By Theorem 2, we can naturally infer the fact that the upper bound of the variance decreases quickly, as L is close to m.
3.3 Bayesian optimization over sets
For Bayesian optimization over \({{\mathcal {X}}_{{\text {set}}}}\), the goal is to identify the set \({\mathbf {X}}\in {{\mathcal {X}}_{{\text {set}}}}\) such that a given function \(f: {{\mathcal {X}}_{{\text {set}}}}\rightarrow {\mathbb {R}}\) is minimized. As shown in Algorithm 2, Bayesian optimization over sets follows similar steps as laid out in Sect. 2, except that it involves the space of set inputs and requires a surrogate function on \({{\mathcal {X}}_{{\text {set}}}}\). As we have already indicated, we plan to use a GP surrogate function, with prior covariance defined either with (2) or (4) and a Matérn 5/2 inner kernel k.
A GP model requires computation on the order of \({\mathcal {O}}(n^3)\) at the nth step of the Bayesian optimization because the \({\mathsf {K}}\) matrix must be inverted.
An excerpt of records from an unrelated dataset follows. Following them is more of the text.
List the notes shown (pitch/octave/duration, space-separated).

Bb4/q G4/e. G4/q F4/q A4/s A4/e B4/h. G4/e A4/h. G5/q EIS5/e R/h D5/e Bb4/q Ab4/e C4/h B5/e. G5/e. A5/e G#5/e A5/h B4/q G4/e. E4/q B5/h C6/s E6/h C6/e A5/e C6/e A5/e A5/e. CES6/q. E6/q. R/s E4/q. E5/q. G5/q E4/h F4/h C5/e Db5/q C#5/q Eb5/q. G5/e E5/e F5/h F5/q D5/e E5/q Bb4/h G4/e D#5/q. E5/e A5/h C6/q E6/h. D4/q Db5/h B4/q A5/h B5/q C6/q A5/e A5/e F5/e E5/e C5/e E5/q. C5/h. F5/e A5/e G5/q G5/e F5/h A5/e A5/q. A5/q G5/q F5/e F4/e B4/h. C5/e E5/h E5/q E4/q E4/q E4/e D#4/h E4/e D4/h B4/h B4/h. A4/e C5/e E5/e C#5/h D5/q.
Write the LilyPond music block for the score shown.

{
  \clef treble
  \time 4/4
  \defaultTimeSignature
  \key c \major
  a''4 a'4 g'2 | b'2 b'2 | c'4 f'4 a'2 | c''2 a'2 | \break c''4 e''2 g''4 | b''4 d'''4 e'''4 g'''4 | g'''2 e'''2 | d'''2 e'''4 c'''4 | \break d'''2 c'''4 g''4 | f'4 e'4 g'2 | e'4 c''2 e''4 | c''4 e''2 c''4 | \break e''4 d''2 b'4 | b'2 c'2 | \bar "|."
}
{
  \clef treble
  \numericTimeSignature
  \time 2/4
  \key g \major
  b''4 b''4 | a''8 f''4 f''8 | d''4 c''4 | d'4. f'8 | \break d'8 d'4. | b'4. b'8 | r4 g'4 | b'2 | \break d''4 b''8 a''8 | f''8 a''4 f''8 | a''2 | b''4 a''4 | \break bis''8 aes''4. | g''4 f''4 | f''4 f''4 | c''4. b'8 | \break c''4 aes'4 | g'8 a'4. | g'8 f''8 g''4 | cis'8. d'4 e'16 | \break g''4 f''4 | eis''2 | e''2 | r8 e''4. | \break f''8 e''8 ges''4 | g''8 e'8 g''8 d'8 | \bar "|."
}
Compared to the complexity for computing a full version of the set kernel \({\mathcal {O}}(n^2 m^2 d)\), the complexity of computing the inverse is smaller if roughly \(m \ge n\) (that is, computing the matrix can be as costly or more costly than inverting it). Because Bayesian optimization is efficient sampling-based global optimization, n is small and the situation \(m \ge n\) is reasonable. Therefore, the computation reduction by our approximation can be effective in reducing complexity of all steps for Bayesian optimization over sets.
In addition, since the Cholesky decomposition, instead of matrix inverse is widely used to compute posterior mean and variance functions (Rasmussen and Williams 2006), the time complexity for inverting a covariance matrix can be reduced. But still, if m is relatively large, our approximation is effective. In this paper, we compute GP surrogate using the Cholesky decomposition. See the effects of L in Sect. 4.1.
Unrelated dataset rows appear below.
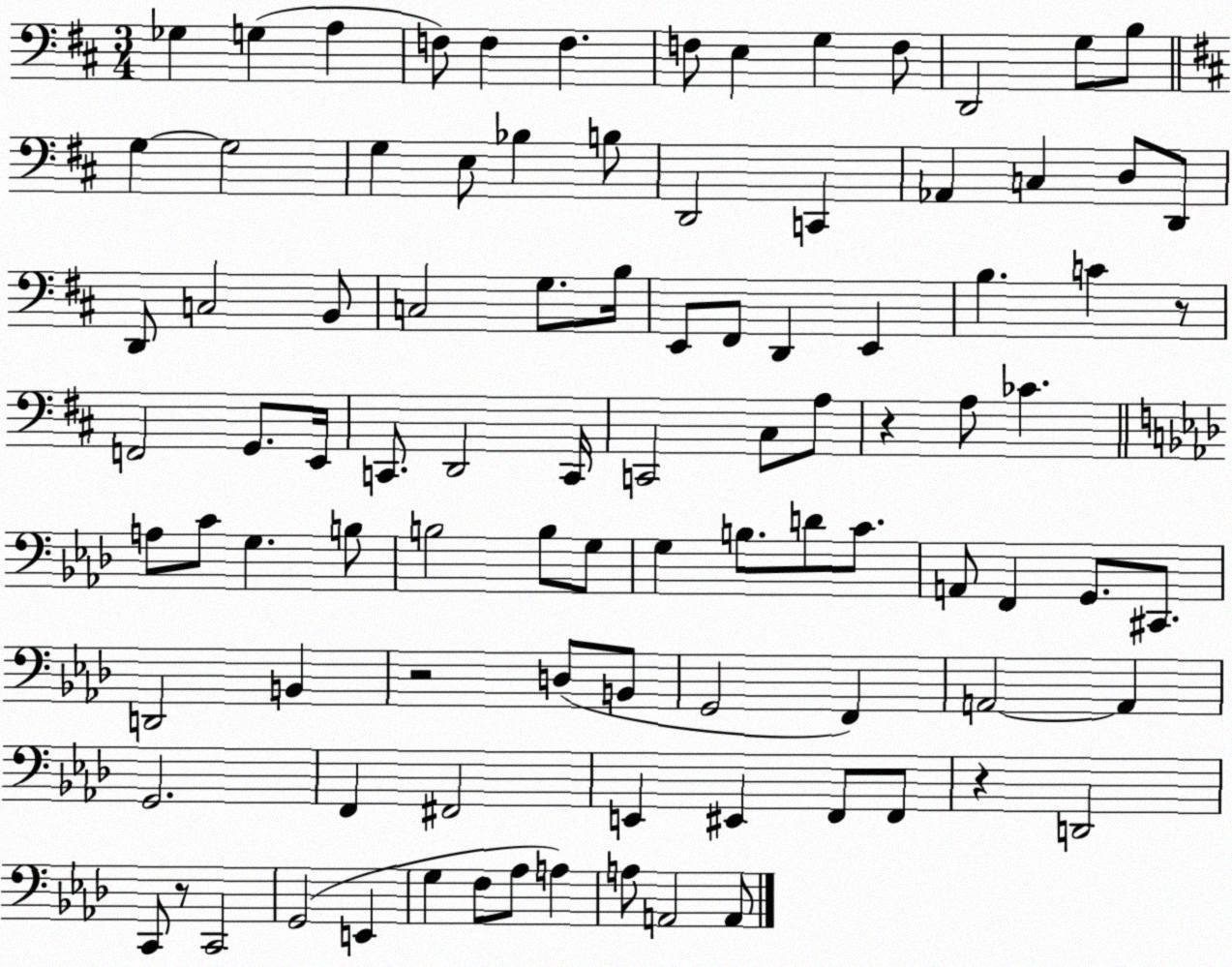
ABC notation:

X:1
T:Untitled
M:3/4
L:1/4
K:D
_G, G, A, F,/2 F, F, F,/2 E, G, F,/2 D,,2 G,/2 B,/2 G, G,2 G, E,/2 _B, B,/2 D,,2 C,, _A,, C, D,/2 D,,/2 D,,/2 C,2 B,,/2 C,2 G,/2 B,/4 E,,/2 ^F,,/2 D,, E,, B, C z/2 F,,2 G,,/2 E,,/4 C,,/2 D,,2 C,,/4 C,,2 ^C,/2 A,/2 z A,/2 _C A,/2 C/2 G, B,/2 B,2 B,/2 G,/2 G, B,/2 D/2 C/2 A,,/2 F,, G,,/2 ^C,,/2 D,,2 B,, z2 D,/2 B,,/2 G,,2 F,, A,,2 A,, G,,2 F,, ^F,,2 E,, ^E,, F,,/2 F,,/2 z D,,2 C,,/2 z/2 C,,2 G,,2 E,, G, F,/2 _A,/2 A, A,/2 A,,2 A,,/2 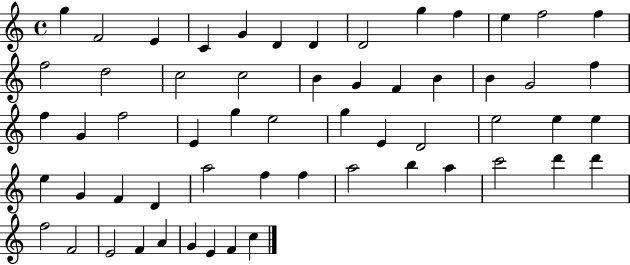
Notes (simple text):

G5/q F4/h E4/q C4/q G4/q D4/q D4/q D4/h G5/q F5/q E5/q F5/h F5/q F5/h D5/h C5/h C5/h B4/q G4/q F4/q B4/q B4/q G4/h F5/q F5/q G4/q F5/h E4/q G5/q E5/h G5/q E4/q D4/h E5/h E5/q E5/q E5/q G4/q F4/q D4/q A5/h F5/q F5/q A5/h B5/q A5/q C6/h D6/q D6/q F5/h F4/h E4/h F4/q A4/q G4/q E4/q F4/q C5/q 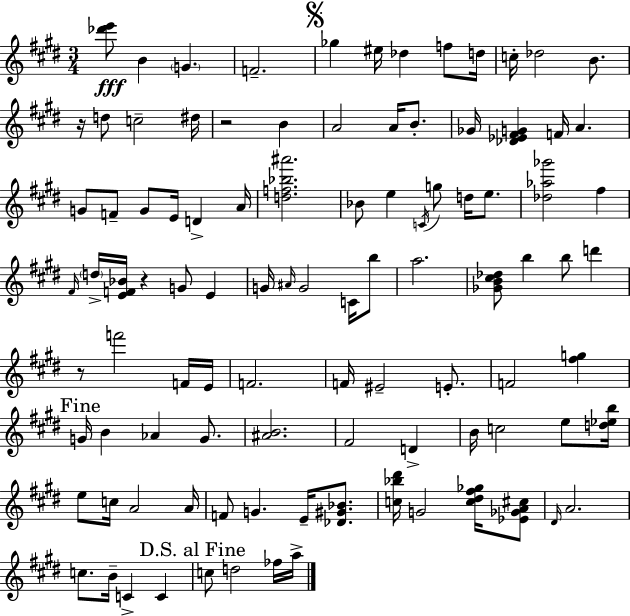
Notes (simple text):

[Db6,E6]/e B4/q G4/q. F4/h. Gb5/q EIS5/s Db5/q F5/e D5/s C5/s Db5/h B4/e. R/s D5/e C5/h D#5/s R/h B4/q A4/h A4/s B4/e. Gb4/s [Db4,Eb4,F#4,G4]/q F4/s A4/q. G4/e F4/e G4/e E4/s D4/q A4/s [D5,F5,Bb5,A#6]/h. Bb4/e E5/q C4/s G5/e D5/s E5/e. [Db5,Ab5,Gb6]/h F#5/q F#4/s D5/s [E4,F4,Bb4]/s R/q G4/e E4/q G4/s A#4/s G4/h C4/s B5/e A5/h. [Gb4,B4,C#5,Db5]/e B5/q B5/e D6/q R/e F6/h F4/s E4/s F4/h. F4/s EIS4/h E4/e. F4/h [F#5,G5]/q G4/s B4/q Ab4/q G4/e. [A#4,B4]/h. F#4/h D4/q B4/s C5/h E5/e [D5,Eb5,B5]/s E5/e C5/s A4/h A4/s F4/e G4/q. E4/s [Db4,G#4,Bb4]/e. [C5,Bb5,D#6]/s G4/h [C5,D#5,F#5,Gb5]/s [Eb4,Gb4,A4,C#5]/e D#4/s A4/h. C5/e. B4/s C4/q C4/q C5/e D5/h FES5/s A5/s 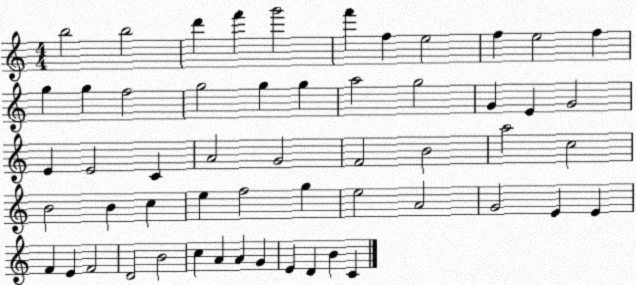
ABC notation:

X:1
T:Untitled
M:4/4
L:1/4
K:C
b2 b2 d' f' g'2 f' f e2 f e2 f g g f2 g2 g g a2 g2 G E G2 E E2 C A2 G2 F2 B2 a2 c2 B2 B c e f2 g e2 A2 G2 E E F E F2 D2 B2 c A A G E D B C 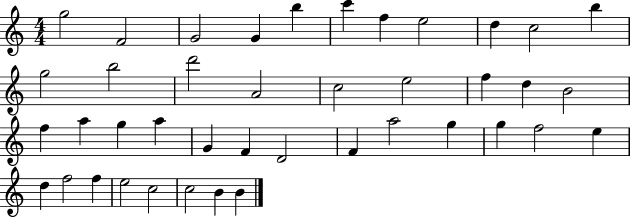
X:1
T:Untitled
M:4/4
L:1/4
K:C
g2 F2 G2 G b c' f e2 d c2 b g2 b2 d'2 A2 c2 e2 f d B2 f a g a G F D2 F a2 g g f2 e d f2 f e2 c2 c2 B B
3.4 Acquisition function optimization over sets
An acquisition function optimization step is one of the primary steps in Bayesian optimization, because this step is for finding an acquired example, which exhibits the highest potential of the global optimum. Compared to generic vector-input Bayesian optimization methods, our Bayesian optimization over sets needs to find a query set \({\mathbf {X}}\) on \({{\mathcal {X}}_{{\text {set}}}}\), optimizing the acquisition function over sets.
Since m is fixed when we find \({\mathbf {X}}\), off-the-shelf optimization methods such as L-BFGS-B (Liu and Nocedal 1989), DIRECT (Jones et al. 1993), and CMA-ES (Hansen 2016) can be employed where a set is treated as a concatenated vector. However, because of the symmetry of the space \({{\mathcal {X}}_{{\text {set}}}}\), these common optimization methods search more of the space than is required. For instance, if we optimize the function on \(\{1, 2, 3\}\), we would not need to consider such the sets \(\{1, 3, 2\}, \{2, 1, 3\}, \ldots , \{3, 2, 1\}\). Therefore, we suggest a constrained acquisition function optimization with rejection sampling algorithm. The sample complexity of this method decreases by a factor of m!.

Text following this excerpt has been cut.